── Material for the task ──
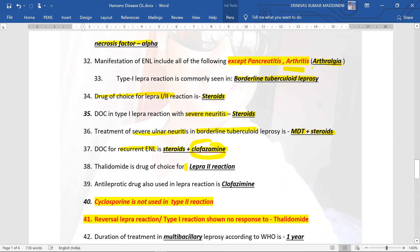Thalidomide is the drug of choice for type 2 lepra reaction. The anti-leprotic drug useful in lepra reactions is clofazamine. Remember that thalidomide has no role in type 1 reaction or reversal type of lepra reaction. Cyclosporine is not useful in type 2 reactions.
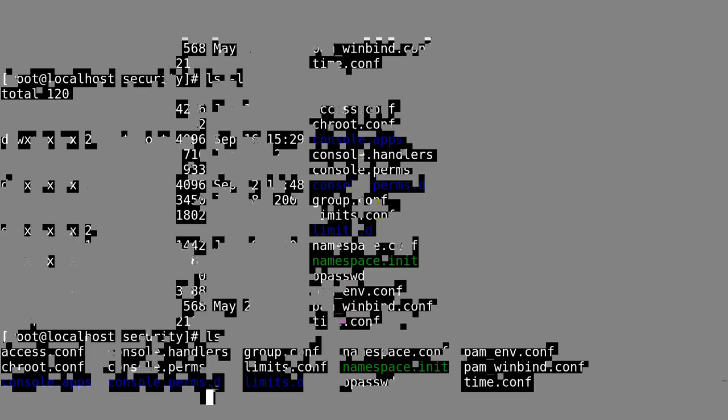These are the security configuration files, whatever security tools that you have. All that will be configured here. All those configurations are going to be stored here.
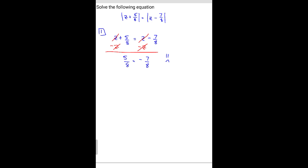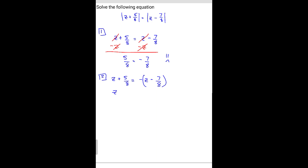The second case: z plus 5 over 8 equals negative (z minus 7 over 8) — with parentheses. Don't forget your parentheses, because that grouping matters a lot. So we're going to solve for z. We distribute the negative sign into the parentheses, giving us negative z plus 7 over 8.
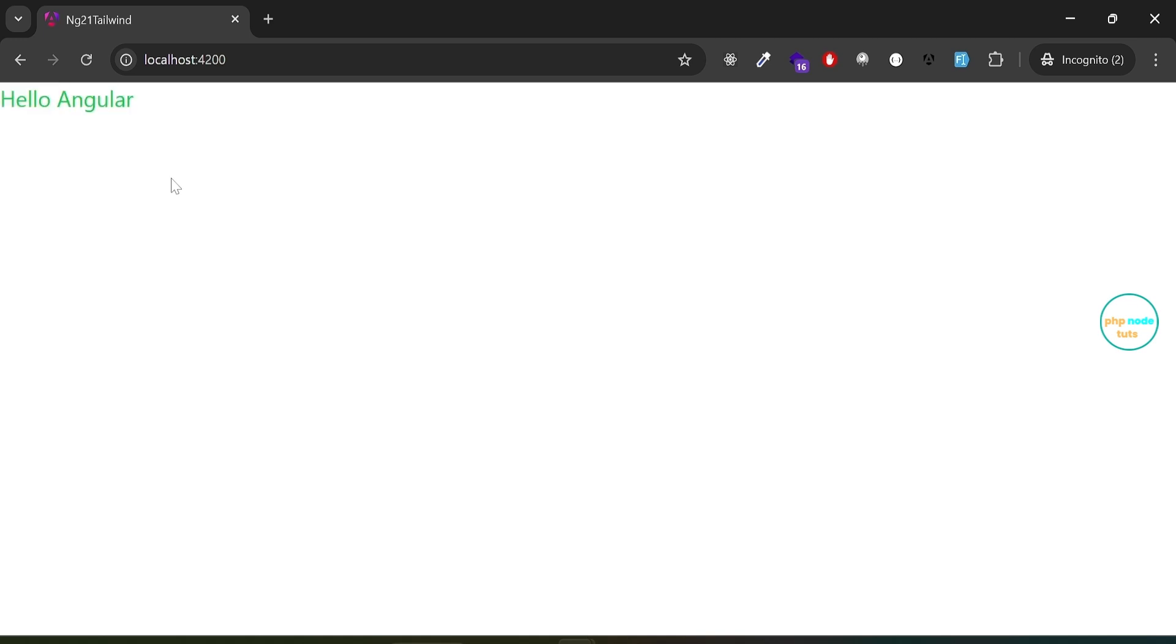And that's it. With Angular 21's new native Tailwind CSS support we installed Tailwind 4 quickly without any manual configuration. We added our first styled heading and now you're ready to start building beautiful responsive designs in your Angular apps.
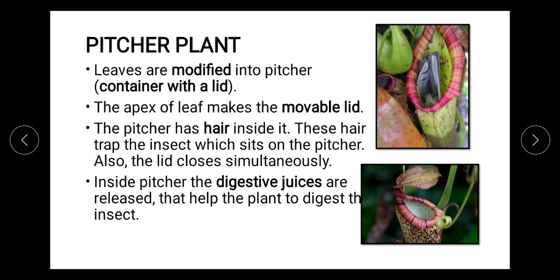The lid closes simultaneously so that the plant can work on the organism trapped inside the pitcher. Digestive juices are released to digest the insect, and that is how the pitcher plant obtains its nutrition.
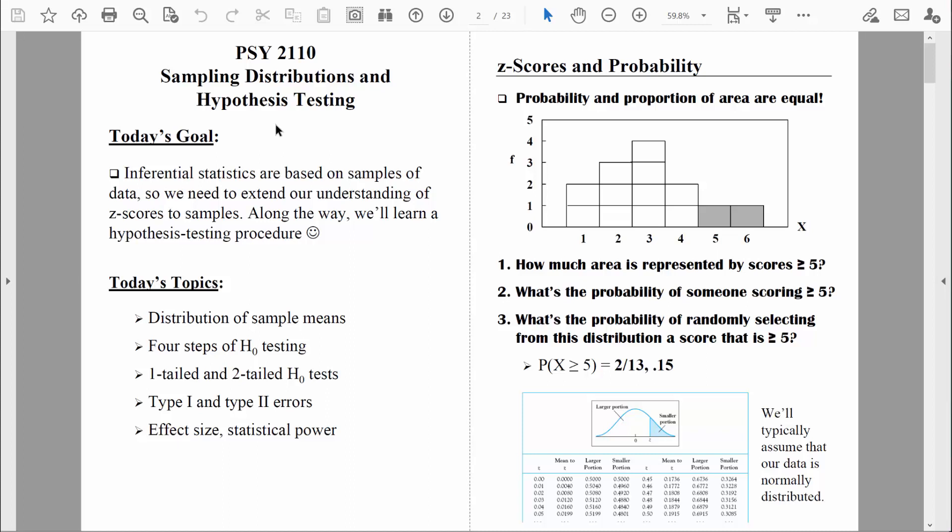Welcome back, everybody. Today is a special day. We've worked really hard over the past couple weeks, and now I think we know everything we need to know to do our first inferential statistical test. And the way we do inferential statistical tests is via a four-step hypothesis testing procedure. So that's what we'll focus on today.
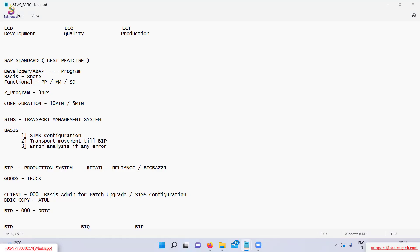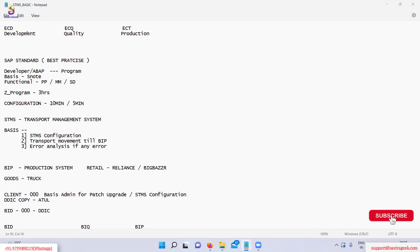In ASAP, the best practice is that whatever configuration changes or program changes are done in the development system. Those changes are then moved to quality and production through the Transport Management System.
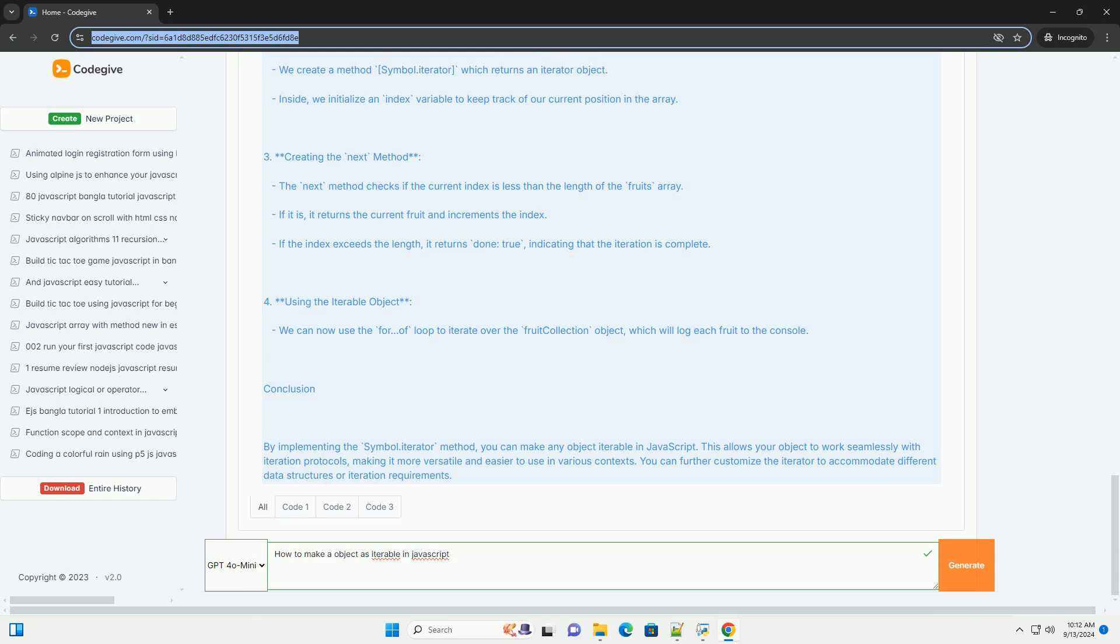By following this structure, you enable the use of various iteration constructs, such as the for-off-loop and spread syntax, on your custom object.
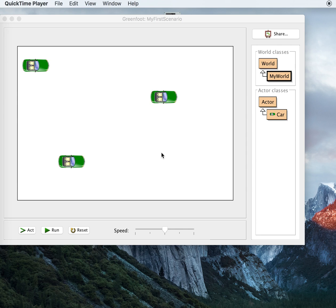Hi, welcome back to Mr. Stewart's lessons. This is lesson two where I will teach you how to make the actors that we added to the world in the last lesson do something.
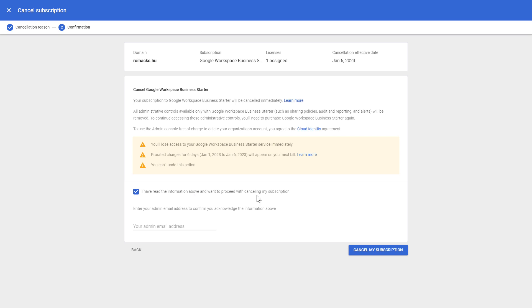If you understand the implications of this cancellation, just click 'I have read the information above and want to proceed with canceling my G Suite subscription.' Then add the admin email address and click on cancel my subscription, and then your G Suite account subscription will be cancelled.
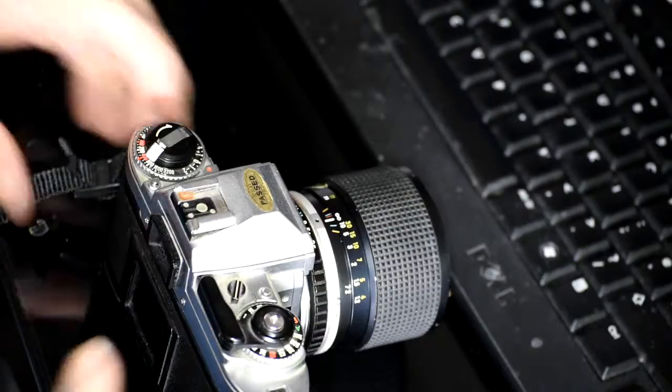So today I'm going to show you how to zone focus with any lens on any camera, providing it's got an aperture ring and a depth of field scale, which most manual lenses of the 60s through to the 1990s did have. So let's take a look at a lens and see what the hell I'm talking about.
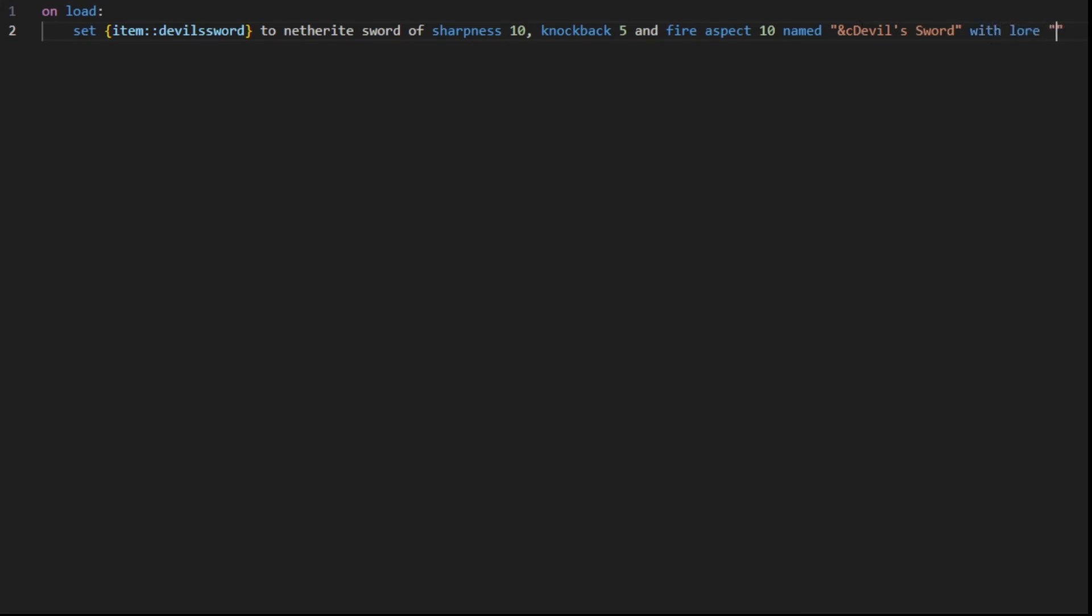So with lore, this is going to be the little text that's underneath your item. For me, I'm just going to put a lore, since I don't want to type an entire paragraph.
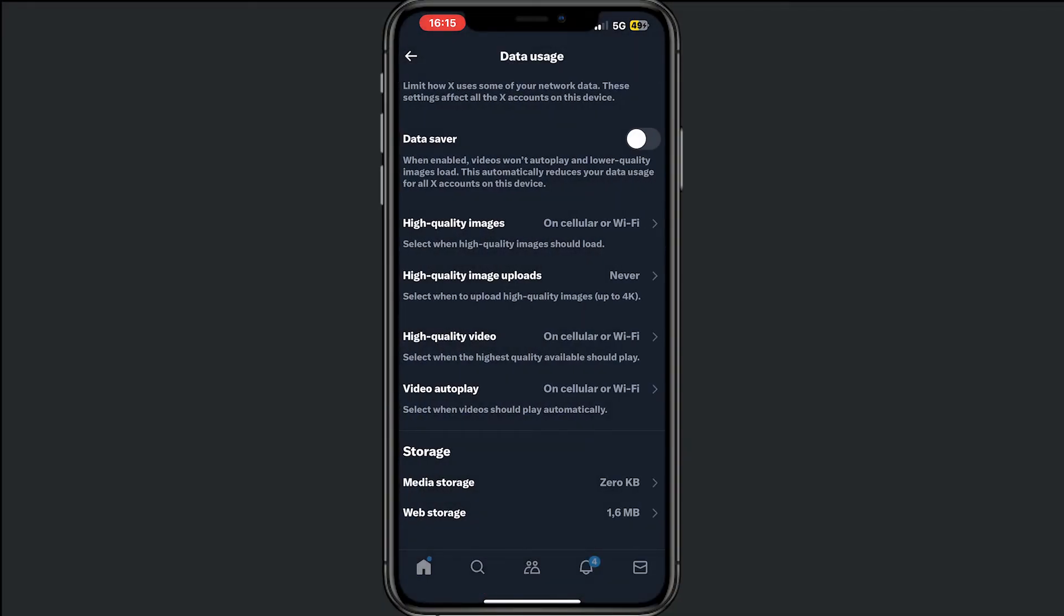After this, you will remove every single cache or storage on your app, and so you will remove your search history on X.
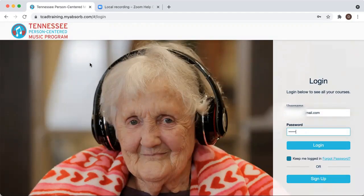First things first, you'll get an email from the Tennessee Person-Centered Music program. Whenever you get this email, do not be alarmed. All of our programs up here at TCAD share one training system, and for the time being, we're all under Tennessee Person-Centered Music. But once we get a little bit into the portal, you'll be able to see that it's all on the same website.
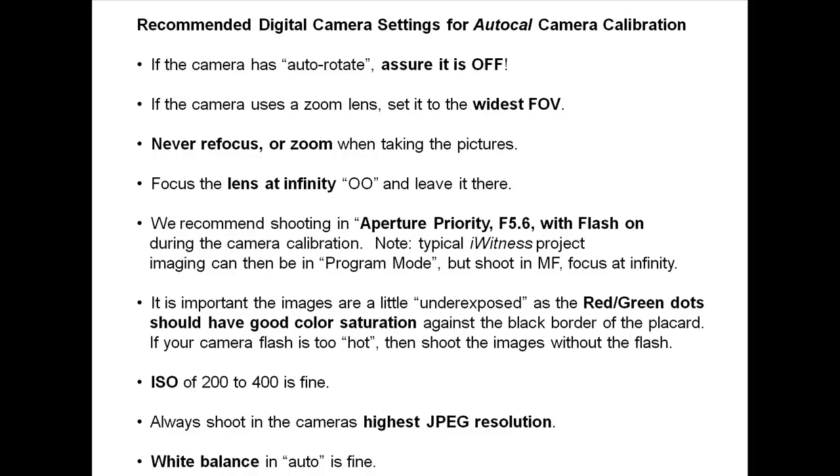ISO of 200 to 400 is fine. Always shoot in the camera's highest JPEG resolution. White balance in auto is acceptable.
───
**Work order**
Exactness is what counts here: copy each entry as given and omit its pictures.

**Solution for this problem**
Thalidomide is the drug of choice for type 2 lepra reaction. The anti-leprotic drug useful in lepra reactions is clofazamine. Remember that thalidomide has no role in type 1 reaction or reversal type of lepra reaction. Cyclosporine is not useful in type 2 reactions.
These are the security configuration files, whatever security tools that you have. All that will be configured here. All those configurations are going to be stored here.
The second case: z plus 5 over 8 equals negative (z minus 7 over 8) — with parentheses. Don't forget your parentheses, because that grouping matters a lot. So we're going to solve for z. We distribute the negative sign into the parentheses, giving us negative z plus 7 over 8.
And that's it. With Angular 21's new native Tailwind CSS support we installed Tailwind 4 quickly without any manual configuration. We added our first styled heading and now you're ready to start building beautiful responsive designs in your Angular apps.
The lid closes simultaneously so that the plant can work on the organism trapped inside the pitcher. Digestive juices are released to digest the insect, and that is how the pitcher plant obtains its nutrition.
Welcome back, everybody. Today is a special day. We've worked really hard over the past couple weeks, and now I think we know everything we need to know to do our first inferential statistical test. And the way we do inferential statistical tests is via a four-step hypothesis testing procedure. So that's what we'll focus on today.
In ASAP, the best practice is that whatever configuration changes or program changes are done in the development system. Those changes are then moved to quality and production through the Transport Management System.
By following this structure, you enable the use of various iteration constructs, such as the for-off-loop and spread syntax, on your custom object.
Hi, welcome back to Mr. Stewart's lessons. This is lesson two where I will teach you how to make the actors that we added to the world in the last lesson do something.
If you understand the implications of this cancellation, just click 'I have read the information above and want to proceed with canceling my G Suite subscription.' Then add the admin email address and click on cancel my subscription, and then your G Suite account subscription will be cancelled.
So today I'm going to show you how to zone focus with any lens on any camera, providing it's got an aperture ring and a depth of field scale, which most manual lenses of the 60s through to the 1990s did have. So let's take a look at a lens and see what the hell I'm talking about.
So with lore, this is going to be the little text that's underneath your item. For me, I'm just going to put a lore, since I don't want to type an entire paragraph.
After this, you will remove every single cache or storage on your app, and so you will remove your search history on X.
First things first, you'll get an email from the Tennessee Person-Centered Music program. Whenever you get this email, do not be alarmed. All of our programs up here at TCAD share one training system, and for the time being, we're all under Tennessee Person-Centered Music. But once we get a little bit into the portal, you'll be able to see that it's all on the same website.
ISO of 200 to 400 is fine. Always shoot in the camera's highest JPEG resolution. White balance in auto is acceptable.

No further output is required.